Using the listing below, give again exactly the lines from the line with "MECCANIXITY Stained Glass" to the line with "vidaXL Sellos de", inclusive, without the pictures.
=-=-=
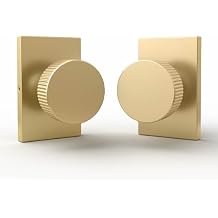 Mega Handles Ribba Dummy Door Handles - 2 Pack Heavy Duty Gold Door Handle, Non-Turning Door Handle for Hallway, Closet & French Doors, Single Side, Fits All Standard Doors - Satin Brass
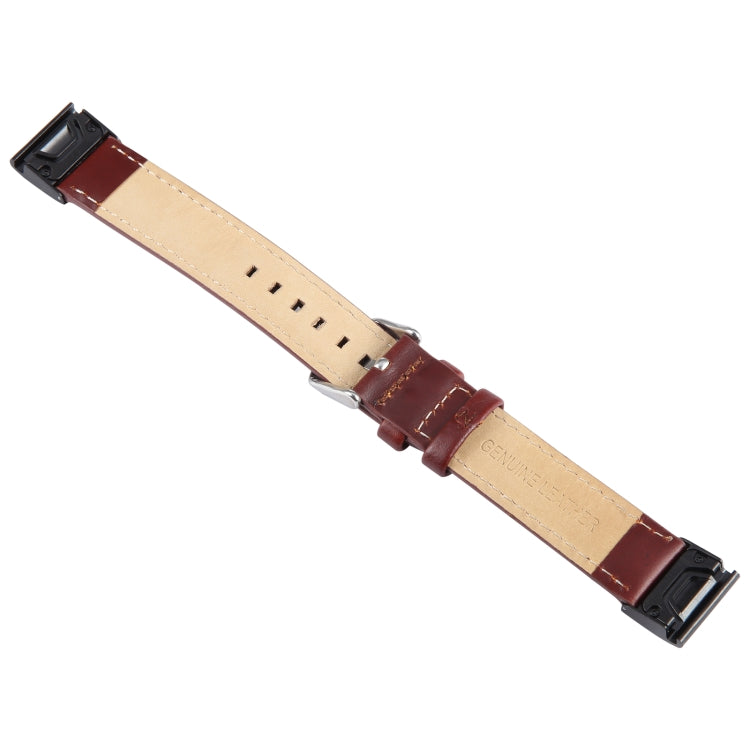 Compatible with Garmin Fenix 7X 26mm Bamboo Joint Texture Genuine Leather Watch Band(Wine Red) - free shipping - PMC TechLife - Order now!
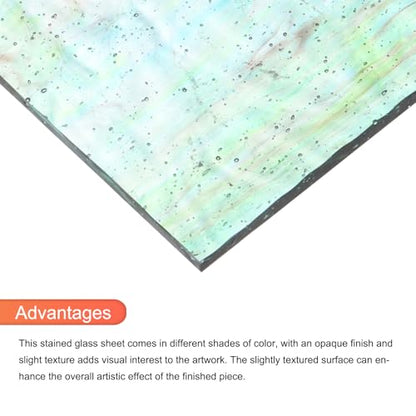 MECCANIXITY Stained Glass Sheet Mosaic Tile 3.9 Inch x 3.9 Inch Cyan Stained Glass Sheets for Crafts DIY, Art Project - color: Cyan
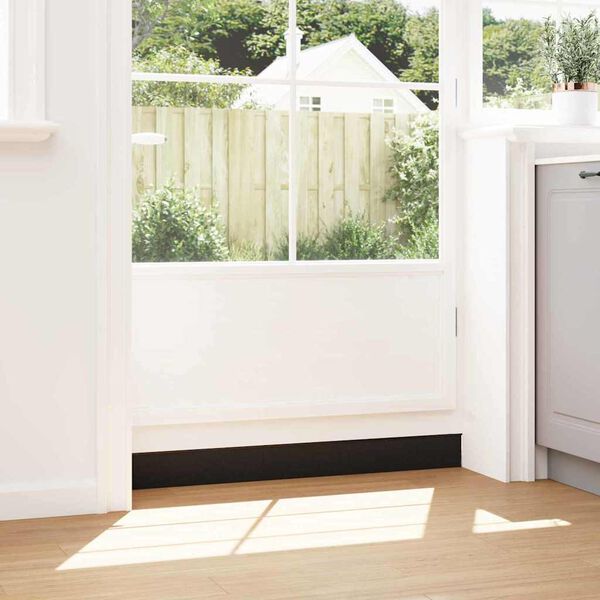 vidaXL Sellos de cepillo para puertas autoadhesivos 2 pcs Negro 100 cm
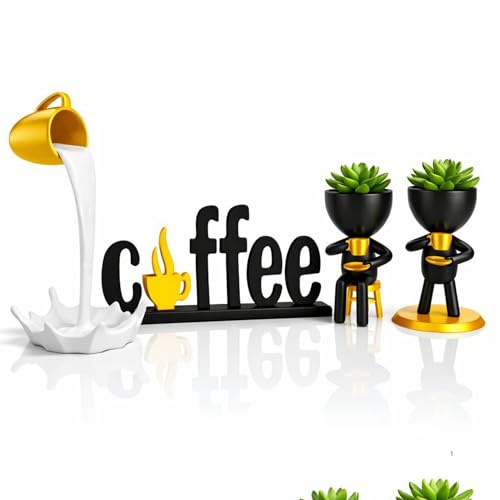 Decorazione Caffè Moderna da Tavolo per Coffee Corner e Cucina, Soprammobile Design Premium con Figure Decorative e Scritta Coffee, Accessorio Elegante, Idea Regalo Set 4 Pezzi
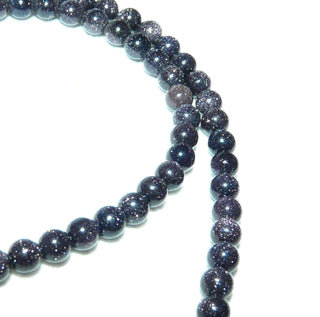 in unserer Werkstatt designtes Einzelstück, zarte Kugel-Kette aus dunkelblau-violettem Blaufluß mit dezentem Glitzern, Gesamtlänge 44 cm, Verschluß und Zwischenteile aus 925 Silber, auf Stahlseil aufgereiht, Stein-Durchmesser 4 mm -	Einzelstücke nur erhältlich bei www.danilogold-shop.de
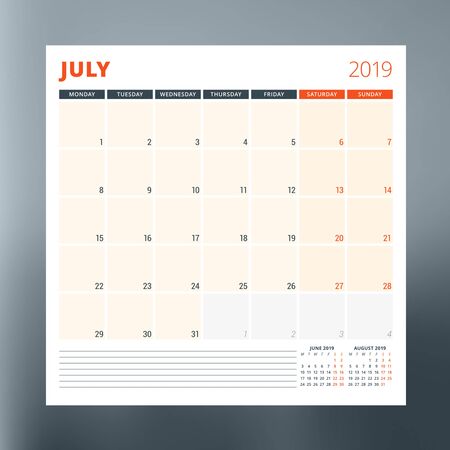 Calendar planner template for July 2019. Design print vector templateのイラスト素材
=-=-=
**ANSWER SPACE**
 MECCANIXITY Stained Glass Sheet Mosaic Tile 3.9 Inch x 3.9 Inch Cyan Stained Glass Sheets for Crafts DIY, Art Project - color: Cyan
 vidaXL Sellos de cepillo para puertas autoadhesivos 2 pcs Negro 100 cm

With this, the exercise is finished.